A Search Through Portugal

by Datus C. Proper

Pub Date: March 1st, 1993
ISBN: 0-671-78226-6
Publisher: Simon & Schuster

A literary journey through Portugal from bottom to top, by a freelance writer with a reputation for erudite outdoor articles. From the Algarve to Tras os Montes, Proper and old-world confrere Adriano hunt and gather pieces of Portugal. Proper, an American, had spent a couple of years there while serving in the foreign service, and he knew there was much to take in if done appropriately. Hence the leisurely, sedate pace of the pair's countrywide ramble; they have time to stop and smell the roses, time to take a good look around. Proper's eye is for the telling detail, and he finds it everywhere—in the odd snippet of anthropology or passage of history, in a sampling of wine or a mythological tale.
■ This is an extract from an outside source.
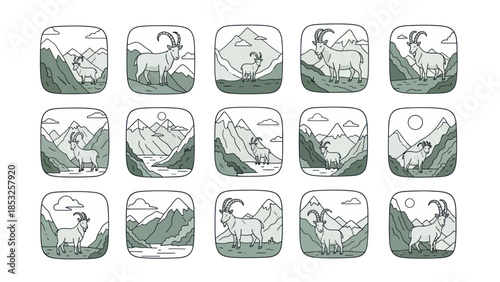 Mountain goats in scenic landscapes vector illustrations for various designs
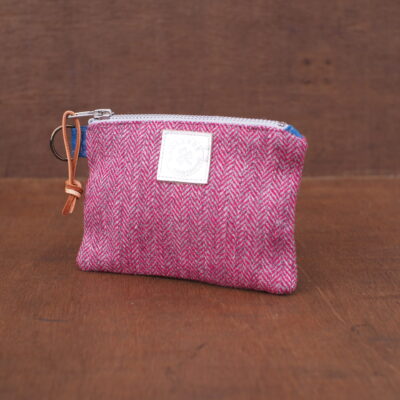 Hot Pink Herringbone Coin Purse Small Wallet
Language, national temperament, regional cooking, architectural styles, bookstores, markets—all yield something to Proper in his search for what makes Portugal distinctive. He also finds ample opportunity to indulge in two favorite pastimes: fly-fishing for trout and shotgunning for snipe and Portuguese partridge. Here, he takes all these disparate elements and fashions them into a place-portrait of beauty and depth and originality. The writing has an oblique character, with idiosyncratic gaps and fractures. Running through the book is a humor so dry it threatens to combust spontaneously, while a faint trace of poetry gives the account the woven qualities found in a good prose poem. The time and effort of a slow, close reading are repaid in spades. A charmer of a book, weird and wonderful. Proper is no longer the private property of the rod-and-gun club.